What the exercise asks. Produce exactly the lines from the one holding "HER Roofing - Photo 4" through the last line of the data below, with every picture left out.

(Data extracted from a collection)
=== Section Start ===
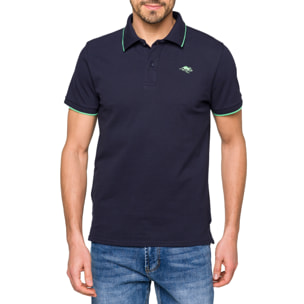 Polo Hot Buttered Mareeba con righine blu.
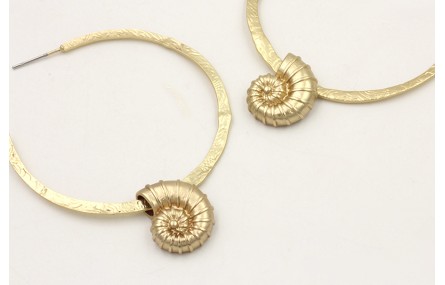 Pendientes aro aplastado con caracola colgando. La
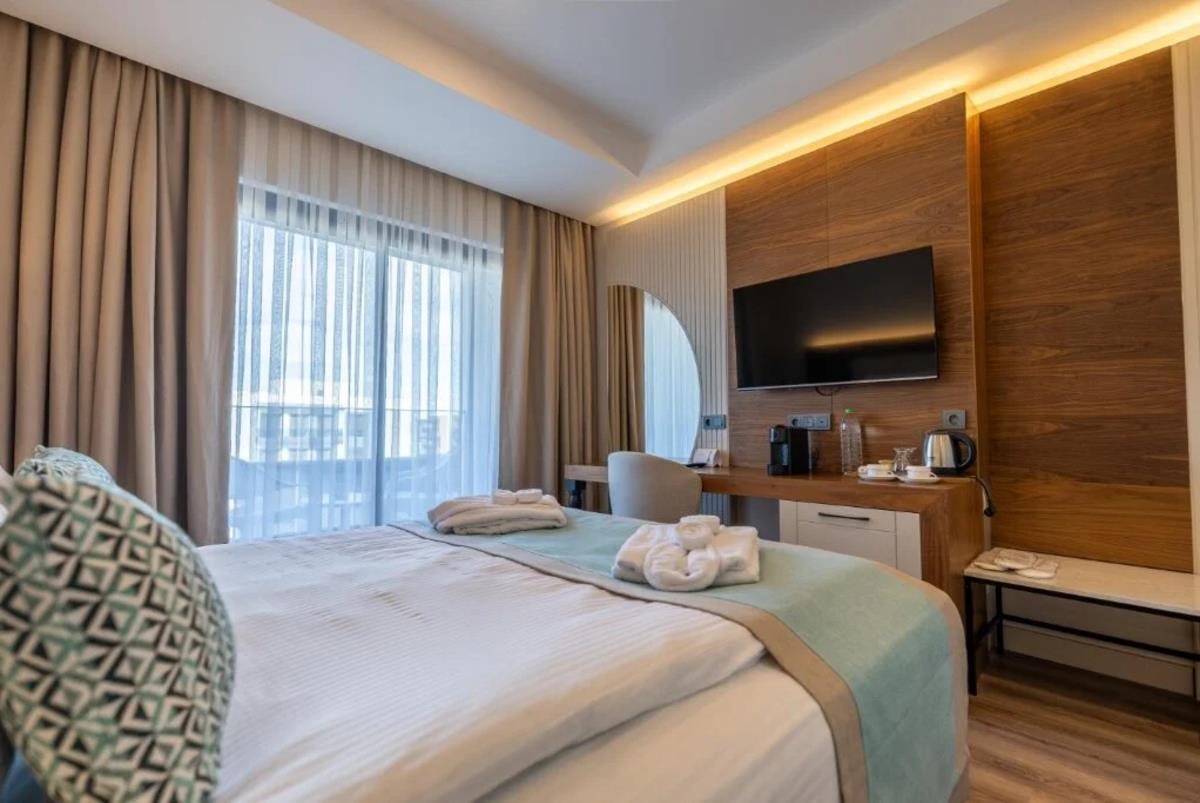 En az 2 yetişkin, En fazla 4 yetişkin veya 3 yetişkin + 1 çocuk.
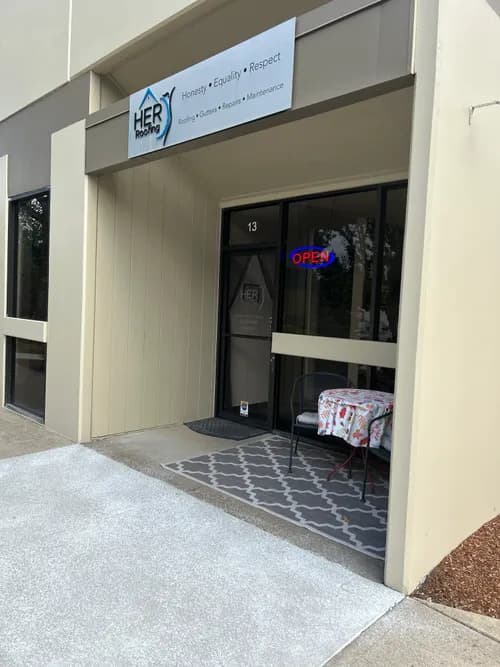 HER Roofing - Photo 4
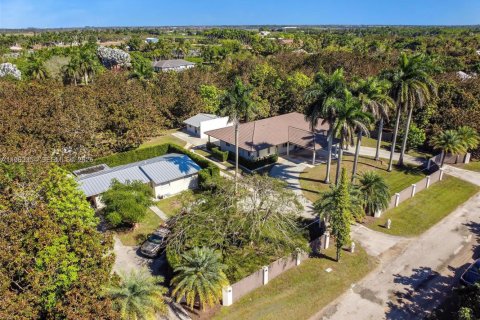 Villa ou maison à vendre à Miami, Floride: 7 chambres, 462.56 m2 № 2025183 - photo 5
=== Section End ===
Written solution.
 HER Roofing - Photo 4
 Villa ou maison à vendre à Miami, Floride: 7 chambres, 462.56 m2 № 2025183 - photo 5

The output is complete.